Galleta empezó siendo el ratón de Sofía, pero ha llegado a ser mucho más que eso. Las semanas en las que estoy solo en casa, Galleta era la otra respiración, los únicos ruidos de las noches más oscuras en las que yo lidiaba con mis fantasmas. Mi confidente, mi vecino, mi terapeuta. Algo así como el balón con el que habla Tom Hanks cuando interpreta a un náufrago. No pocas veces lo colocaba sobre mi pecho y acariciaba con el índice su cogote, delante de la tele. Aquella bola peluda con bigotes llegó a ser una suerte de salvavidas. Cuando llegaba a casa, me acercaba a la jaula y miraba su cuerpo terapéutico abultándose con el aire y aquella visión me bastaba para sentirme bien. No estoy solo porque está Galleta, me decía. Cuando me levantaba con los músculos rígidos por una pesadilla, me decía: no estoy solo porque está Galleta. 

Galleta, te echo tanto de menos. 

Hace dos semanas Galleta comenzó a cojear. Una de las patas delanteras se quedó inútil y daba vueltas sobre sí mismo como un derviche, se arrastraba, no podía desplazarse a su velocidad habitual. Ya no se ponía de pie para pelar pipas o pedirnos que lo cogiéramos. Yo sufría siendo un testigo inútil de su deterioro. Sofía sufría también, mirándolo dar vueltas sobre sí mismo. «¿Qué le pasa?», me preguntaba. «Está viejo», le respondía yo, sabiendo que se había cumplido el tiempo que dicen que dura la vida de un hámster ruso: aproximadamente dos años. 

Hace pocos días lo encontré muerto. Abrí la jaula, toqué su cuerpo frío, lloré, enterré su cadáver diminuto alegrándome de que Sofía no estuviera en casa esa semana. ¿Estás seguro de que se ha muerto?, me preguntó al teléfono, entrecortada. «Tenía que pasar tarde o temprano», le contesté, la muerte nos alcanza a todos y tenemos que aceptarlo y transformar esa certeza en algo creativo. Y le envié la foto de su última postura. Galleta había formado en el heno un cráter perfecto en el que yacía inmóvil, en posición fetal. Como dormido. Era tan tierna la imagen, había tanta aceptación en esa manera de esperar su momento.

Mi hija ha aprendido la muerte gracias a Galleta. Yo he aprendido la obediencia. Los animales no tienen ego, les trae sin cuidado su identidad, no construyen relatos sobre sí mismos ni anhelan perpetuarse más allá de su ciclo vital.
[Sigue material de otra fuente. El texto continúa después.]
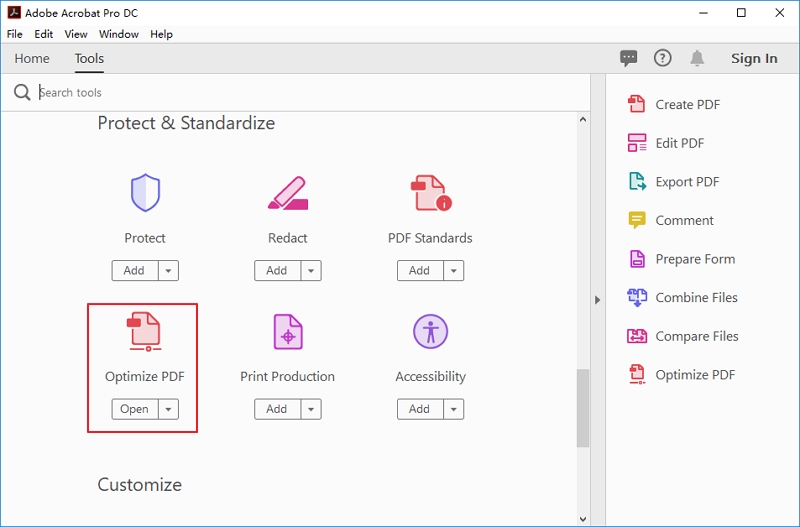 adobe acrobat reader download size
Los animales viven aquí y ahora, como lo niños, como los moribundos. Galleta hizo una cuna con el único brazo que tenía, se acomodó y esperó mientras agonizaba, sabiendo que era el momento de partir. Una mascota puede ser un buen maestro. Gracias, Galleta.

A veces, cuando cruzo el pasillo y miro la jaula vacía en la habitación de Sofía, me enjugo una lágrima y sigo adelante, sonriendo porque Galleta vive ahora dentro de mí, porque me ha entregado su obediencia. Y no pienso guardar la jaula vacía. Quizá sea ese vacío que hay ahora otro animal. Otra lección que debo aprender en este momento de mi vida en el que más que nunca veo por todas partes la impermanencia.